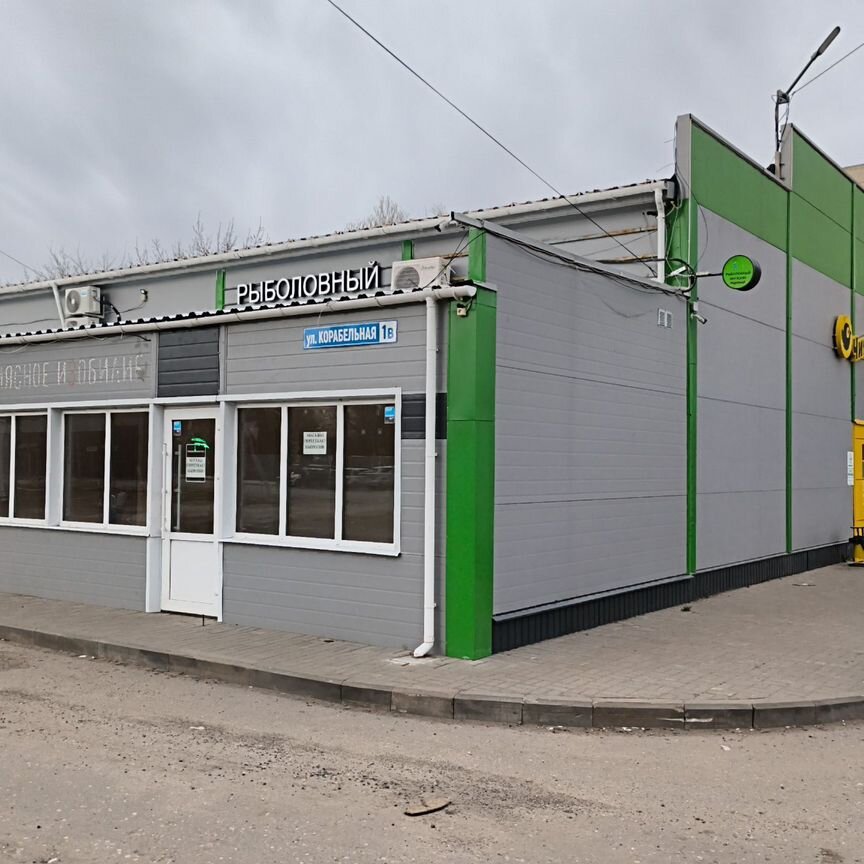 Торговое помещение, 67 кв.м
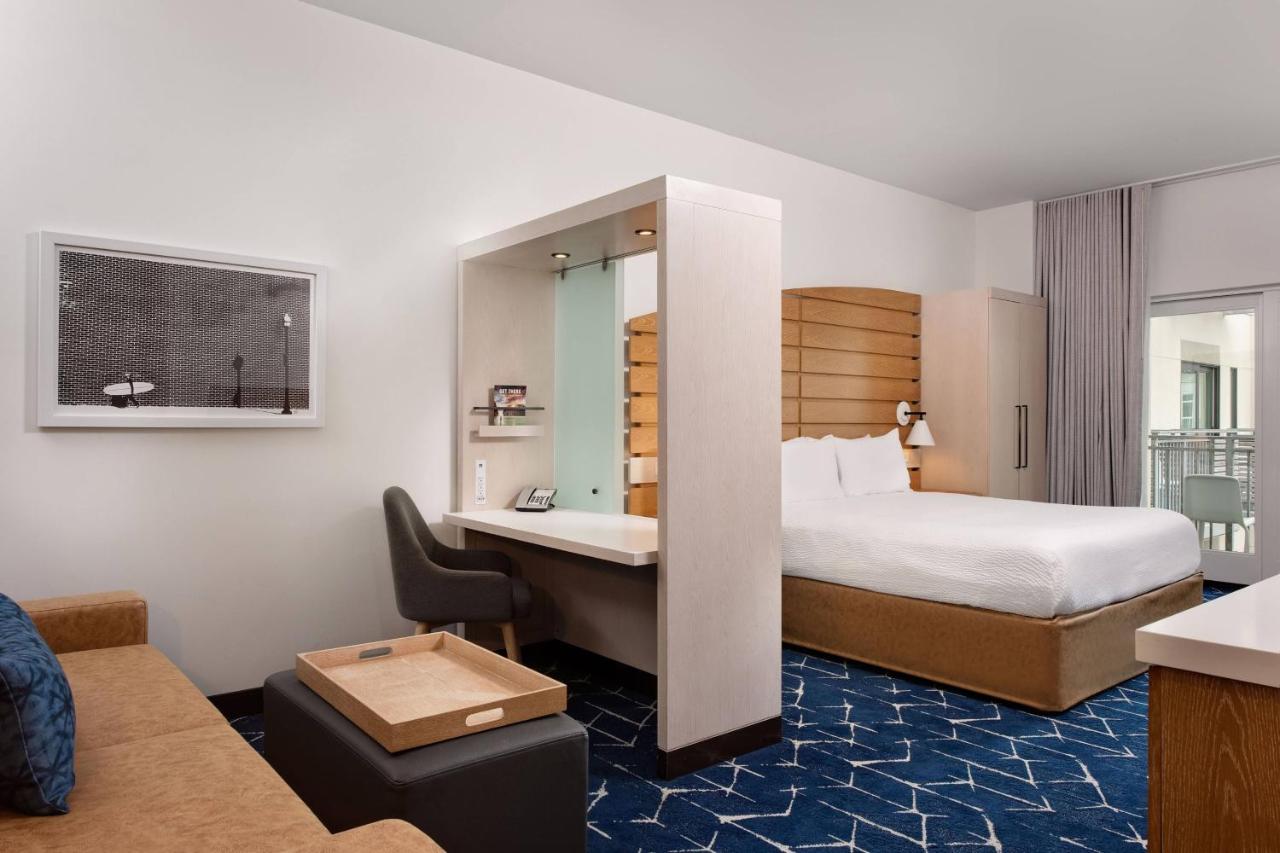  | SpringHill Suites by Marriott San Diego Oceanside/Downtown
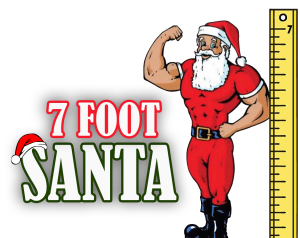 7-Foot Santa homepage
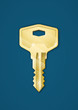 Golden key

## What the task requires
Please return only the lines running from the line with "San Diego Oceanside/Downtown" to the final line of the data, both included, exactly and without any pictures.

## Result below
  | SpringHill Suites by Marriott San Diego Oceanside/Downtown
 7-Foot Santa homepage
 Golden key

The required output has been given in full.